**WORK TO COMPLETE**
Pull every line containing "viewer" from the listing below.

**PROVIDED INFORMATION**

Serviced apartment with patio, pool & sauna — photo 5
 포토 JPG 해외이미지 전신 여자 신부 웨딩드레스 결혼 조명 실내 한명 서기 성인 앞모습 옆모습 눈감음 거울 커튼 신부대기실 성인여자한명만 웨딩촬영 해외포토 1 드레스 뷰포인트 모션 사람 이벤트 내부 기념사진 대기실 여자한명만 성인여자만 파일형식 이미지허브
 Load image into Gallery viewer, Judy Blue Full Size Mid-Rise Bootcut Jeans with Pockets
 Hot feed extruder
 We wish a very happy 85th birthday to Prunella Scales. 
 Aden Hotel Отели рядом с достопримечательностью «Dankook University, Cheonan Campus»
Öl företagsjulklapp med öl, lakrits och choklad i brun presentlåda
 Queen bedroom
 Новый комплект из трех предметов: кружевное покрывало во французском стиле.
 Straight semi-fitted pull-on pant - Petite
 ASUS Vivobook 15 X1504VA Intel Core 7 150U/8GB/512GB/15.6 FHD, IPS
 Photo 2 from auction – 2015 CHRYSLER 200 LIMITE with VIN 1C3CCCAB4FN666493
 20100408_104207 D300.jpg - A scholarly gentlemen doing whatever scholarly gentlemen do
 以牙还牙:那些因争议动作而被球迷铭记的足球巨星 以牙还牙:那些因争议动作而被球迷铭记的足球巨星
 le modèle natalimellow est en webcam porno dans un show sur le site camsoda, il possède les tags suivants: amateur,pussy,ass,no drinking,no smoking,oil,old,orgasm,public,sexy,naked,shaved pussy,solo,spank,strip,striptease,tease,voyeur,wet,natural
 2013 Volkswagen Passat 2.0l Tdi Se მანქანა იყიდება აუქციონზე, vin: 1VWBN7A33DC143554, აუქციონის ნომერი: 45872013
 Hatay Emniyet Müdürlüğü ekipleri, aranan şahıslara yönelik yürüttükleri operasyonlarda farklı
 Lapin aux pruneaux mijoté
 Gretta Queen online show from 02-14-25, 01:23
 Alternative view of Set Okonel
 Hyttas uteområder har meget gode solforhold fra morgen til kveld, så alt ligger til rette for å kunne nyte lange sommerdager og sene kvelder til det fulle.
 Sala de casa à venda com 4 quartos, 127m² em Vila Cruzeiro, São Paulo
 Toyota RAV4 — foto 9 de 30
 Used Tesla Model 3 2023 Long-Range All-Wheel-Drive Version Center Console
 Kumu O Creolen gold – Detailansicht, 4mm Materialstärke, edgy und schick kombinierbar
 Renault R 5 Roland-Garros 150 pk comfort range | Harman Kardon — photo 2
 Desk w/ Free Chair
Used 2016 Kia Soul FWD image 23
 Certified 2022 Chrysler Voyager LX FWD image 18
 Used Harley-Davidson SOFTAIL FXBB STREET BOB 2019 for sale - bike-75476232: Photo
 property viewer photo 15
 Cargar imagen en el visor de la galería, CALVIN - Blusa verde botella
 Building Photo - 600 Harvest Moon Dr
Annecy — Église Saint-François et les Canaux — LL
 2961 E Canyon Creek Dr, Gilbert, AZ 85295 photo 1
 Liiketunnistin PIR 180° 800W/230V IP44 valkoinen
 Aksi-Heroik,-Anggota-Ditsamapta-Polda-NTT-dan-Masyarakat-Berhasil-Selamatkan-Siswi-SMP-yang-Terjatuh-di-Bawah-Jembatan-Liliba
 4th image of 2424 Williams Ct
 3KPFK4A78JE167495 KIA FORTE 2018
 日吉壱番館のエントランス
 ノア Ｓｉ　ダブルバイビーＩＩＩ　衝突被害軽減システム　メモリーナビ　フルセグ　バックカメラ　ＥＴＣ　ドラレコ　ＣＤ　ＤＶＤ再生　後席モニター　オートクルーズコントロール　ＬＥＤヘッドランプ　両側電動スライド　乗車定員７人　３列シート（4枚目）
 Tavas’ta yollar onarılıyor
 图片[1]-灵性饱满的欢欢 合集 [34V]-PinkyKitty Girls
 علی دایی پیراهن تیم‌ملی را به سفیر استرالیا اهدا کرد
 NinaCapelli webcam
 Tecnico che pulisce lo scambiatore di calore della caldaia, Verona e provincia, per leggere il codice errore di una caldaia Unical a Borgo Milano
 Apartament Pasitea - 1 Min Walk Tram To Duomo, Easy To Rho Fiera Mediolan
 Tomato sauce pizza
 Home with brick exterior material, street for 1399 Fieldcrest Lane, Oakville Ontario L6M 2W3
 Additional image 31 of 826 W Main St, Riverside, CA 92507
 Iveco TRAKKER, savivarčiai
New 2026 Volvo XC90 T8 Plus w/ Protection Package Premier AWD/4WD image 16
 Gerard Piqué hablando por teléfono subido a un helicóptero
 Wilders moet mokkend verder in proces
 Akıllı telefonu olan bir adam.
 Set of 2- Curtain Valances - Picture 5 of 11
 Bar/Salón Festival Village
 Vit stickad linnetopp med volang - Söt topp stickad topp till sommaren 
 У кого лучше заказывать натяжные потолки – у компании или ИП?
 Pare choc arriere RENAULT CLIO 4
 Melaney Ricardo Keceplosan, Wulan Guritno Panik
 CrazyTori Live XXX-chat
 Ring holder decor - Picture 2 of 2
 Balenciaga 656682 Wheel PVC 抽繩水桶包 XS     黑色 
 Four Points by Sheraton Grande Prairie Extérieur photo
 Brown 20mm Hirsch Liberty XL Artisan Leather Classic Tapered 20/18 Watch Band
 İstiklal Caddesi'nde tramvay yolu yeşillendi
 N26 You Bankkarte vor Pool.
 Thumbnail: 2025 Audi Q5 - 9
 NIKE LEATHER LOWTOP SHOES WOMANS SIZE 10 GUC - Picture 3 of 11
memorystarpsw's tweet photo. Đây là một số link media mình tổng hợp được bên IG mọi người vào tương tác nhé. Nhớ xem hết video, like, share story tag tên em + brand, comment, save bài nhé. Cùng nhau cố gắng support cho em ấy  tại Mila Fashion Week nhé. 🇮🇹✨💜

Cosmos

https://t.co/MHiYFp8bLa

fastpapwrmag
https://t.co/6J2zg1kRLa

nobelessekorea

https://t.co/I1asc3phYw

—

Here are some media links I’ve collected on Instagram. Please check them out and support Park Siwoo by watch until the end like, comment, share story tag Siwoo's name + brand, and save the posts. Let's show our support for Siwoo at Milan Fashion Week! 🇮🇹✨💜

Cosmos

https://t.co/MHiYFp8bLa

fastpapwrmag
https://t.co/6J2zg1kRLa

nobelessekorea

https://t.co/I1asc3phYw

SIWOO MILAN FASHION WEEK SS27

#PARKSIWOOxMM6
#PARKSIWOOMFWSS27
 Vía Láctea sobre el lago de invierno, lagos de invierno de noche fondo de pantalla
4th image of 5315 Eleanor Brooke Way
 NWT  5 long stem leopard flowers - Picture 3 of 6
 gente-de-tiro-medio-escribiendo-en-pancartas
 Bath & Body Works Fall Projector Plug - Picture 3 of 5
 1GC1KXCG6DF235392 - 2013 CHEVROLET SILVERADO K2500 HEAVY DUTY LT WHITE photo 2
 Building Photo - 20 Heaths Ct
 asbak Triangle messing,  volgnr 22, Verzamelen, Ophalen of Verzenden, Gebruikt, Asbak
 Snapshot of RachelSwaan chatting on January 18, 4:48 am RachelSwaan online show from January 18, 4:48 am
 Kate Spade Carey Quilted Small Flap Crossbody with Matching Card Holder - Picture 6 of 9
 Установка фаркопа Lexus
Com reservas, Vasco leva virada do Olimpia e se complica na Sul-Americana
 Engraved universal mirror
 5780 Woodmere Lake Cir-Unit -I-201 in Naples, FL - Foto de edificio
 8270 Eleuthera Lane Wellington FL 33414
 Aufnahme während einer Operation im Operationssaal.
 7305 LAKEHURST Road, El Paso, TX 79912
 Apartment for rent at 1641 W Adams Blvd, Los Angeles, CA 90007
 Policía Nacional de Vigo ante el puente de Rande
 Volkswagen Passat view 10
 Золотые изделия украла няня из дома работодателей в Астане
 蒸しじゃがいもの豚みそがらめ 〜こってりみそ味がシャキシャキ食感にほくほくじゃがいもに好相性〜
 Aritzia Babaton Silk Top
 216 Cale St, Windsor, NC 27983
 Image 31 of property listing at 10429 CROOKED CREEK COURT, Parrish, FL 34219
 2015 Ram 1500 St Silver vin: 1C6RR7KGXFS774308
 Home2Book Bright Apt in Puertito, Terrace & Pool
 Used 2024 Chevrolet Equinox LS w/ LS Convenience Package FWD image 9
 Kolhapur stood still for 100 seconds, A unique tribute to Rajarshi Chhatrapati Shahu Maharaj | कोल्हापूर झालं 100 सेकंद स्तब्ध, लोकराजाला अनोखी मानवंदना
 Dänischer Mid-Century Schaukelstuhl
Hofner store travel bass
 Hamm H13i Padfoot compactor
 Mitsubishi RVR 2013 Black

**ANSWER AREA**
 Load image into Gallery viewer, Judy Blue Full Size Mid-Rise Bootcut Jeans with Pockets
 property viewer photo 15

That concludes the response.